Kadın voleybolcuların başarı hikayesinden etkilenen küçük kızlardan geleceğin şampiyonları çıkacak. Önlerinde böylesine önemli örnekler -yeni deyişle rol modeller- olması ve idollerinin izinden gitme istekleri onlara cesaret veriyor.
On yaşındaki İkra Göktepe, Vargas gibi ‘uçarak’ servis atmak istiyor. “Kızımın hayalinde Vargas olmak var” diyor annesi Nazlı Göktepe.
Bir yıldır voleybol okuluna giden, daha önce jimnastik dersi alan İkra, Kocaeli’ndeki Siyah Kuğular Spor Okulu’nda haftada dört gün voleybol çalışıyor.

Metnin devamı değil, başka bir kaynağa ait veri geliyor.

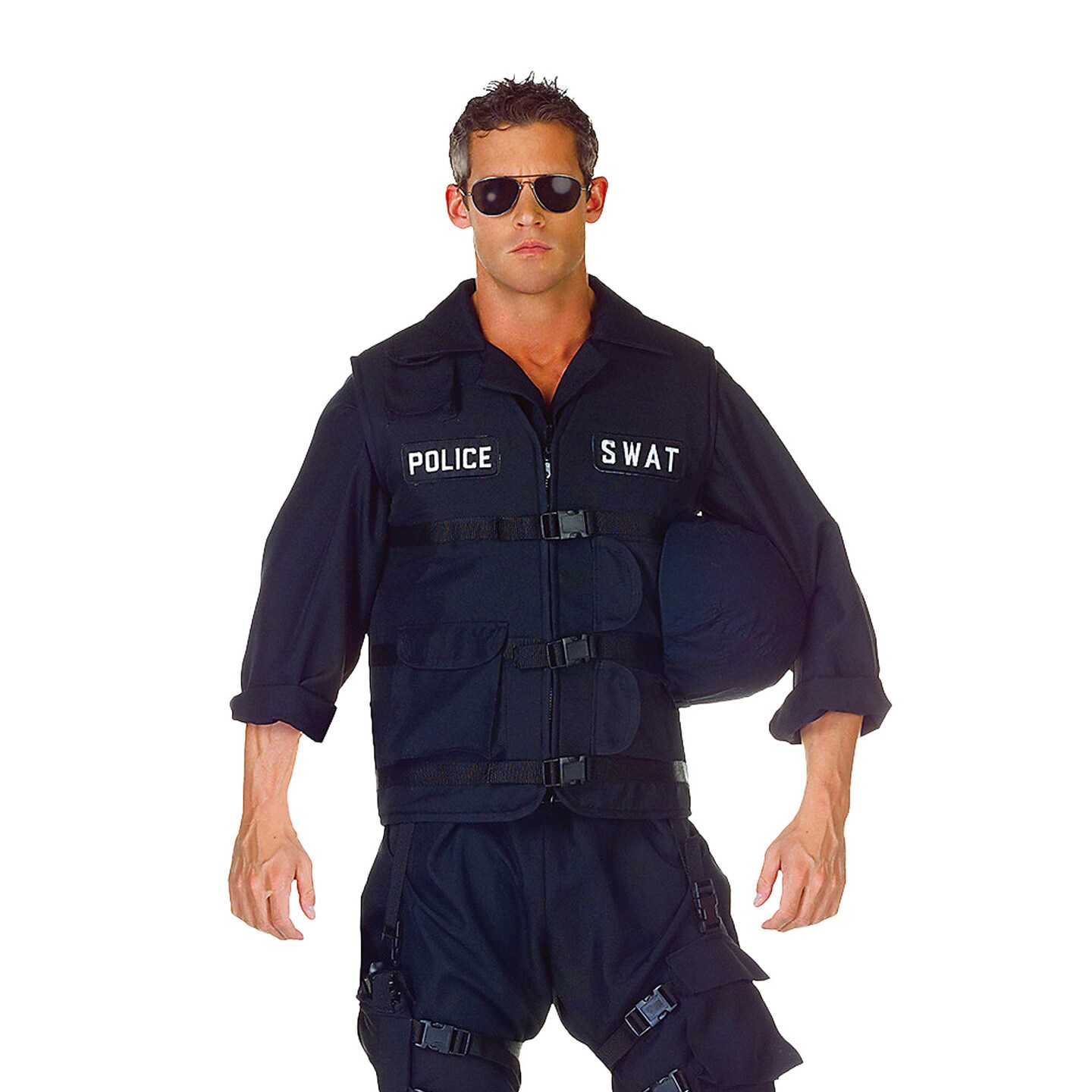 Men&#x27;s SWAT Team Costume with Jumpsuit Vest Holster and Helmet for Halloween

Yedi ay önce İstanbul’da Dinamo Spor Kulübü voleybol okuluna yazılan 11 yaşındaki Ceren Gözükızıl, Vakıfbank’ın ve milli takımın orta oyuncularından Zehra Güneş’i beğeniyor en çok. Ceren’i dinlerken, onun yaşında olduğum 1970’lerin ortalarında bize rol model olacak tek bir kadın sporcu dahi hatırlamadığımı düşünüyorum.
O yıllarda, kadınlar voleybolunda efsanevi antrenör Cengiz Göllü’nün çalıştırdığı Eczacıbaşı’nın hakimiyeti vardı ve 1972’den itibaren 17 kez lig şampiyonluğu kazanmışlardı. Bu durumdan benim gibi çocukların haberi var mıydı? Hayır!

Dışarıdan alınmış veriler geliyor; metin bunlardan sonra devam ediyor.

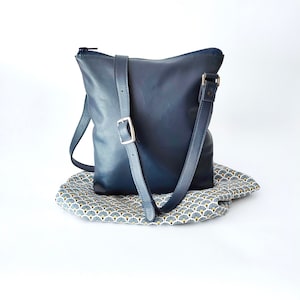 Navy Blue Leather Shoulder Bag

Televizyonun sınırlı olduğu, sosyal medyanın hayalinin bile kurulmadığı o dönemde spor demek çoğumuz için hafta sonu babaların radyolardan dinlediği futbol demekti, sokaklarda yakar top oynamak ve ip atlamaktı. Türkiye voleybolunun o zaman uluslararası arenadaki durumuna baktığımızda, kadınların ilk kez 1963 yılında katıldıkları Avrupa Şampiyonasını istikrarlı bir şekilde en alt sıralarda bitirdiklerini görüyoruz. Ta ki ikinciliği aldıkları 2003 yılına kadar…

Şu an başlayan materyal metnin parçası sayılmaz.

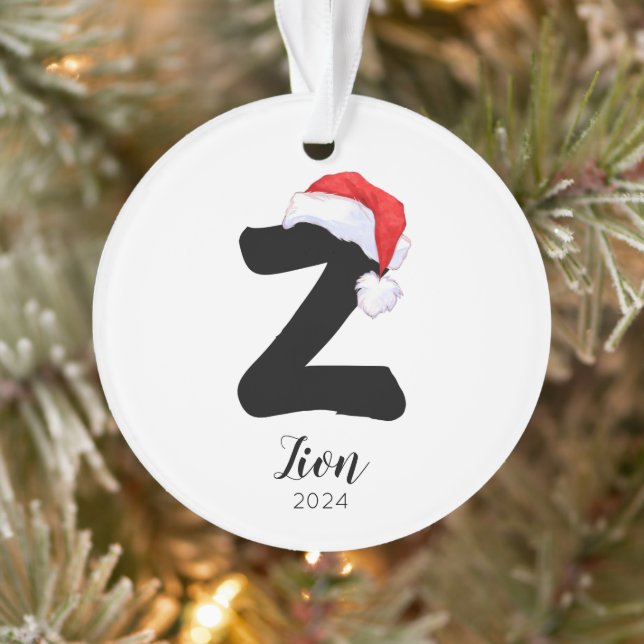 Santa Hat Simple Customisable Letter Z Christmas Ornament (Tree)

Neslihan Demir, Özlem Özçelik, Bahar Mert, Esra Gümüş, Gülden Kayalar, Natalia Hanikoğlu dahil o dönemin aslarının yer aldığı takımın bu başarısı, Türkiye kadın voleybolunda dönüm noktası oldu.
Eczacıbaşı’nın voleybola yeni yetenekler kazandırmak için kurduğu Geleceğe Smaç Okulları Bodrum kampüsü İdari Sorumlusu Cem İpçi’ye neden 2000’de böyle bir eşik atlandığını sorduğumda, en büyük etkenin voleybola yatırım yapan lokomotif spor kulüpleri olduğunu söylüyor.
“Eczacıbaşı (1996’da) erkek voleybolunu bıraktı, kadın voleyboluna yoğunlaştı. Onlara Vakıfbank ve Fenerbahçe eklendi. Zaten her şey öncelikle kulüp düzeyinde başlıyor. Çok kaliteli yabancı oyuncular ve vizyoner antrenörler getirdiler. Onlarla çalışan Türk antrenörler bundan çok faydalandılar. Voleybol federasyonu sponsorlarıyla birlikte güçlendi. Ayrıca Türkiye ekonomisinin 2000’de iyi gitmesinin de etkisi vardı.”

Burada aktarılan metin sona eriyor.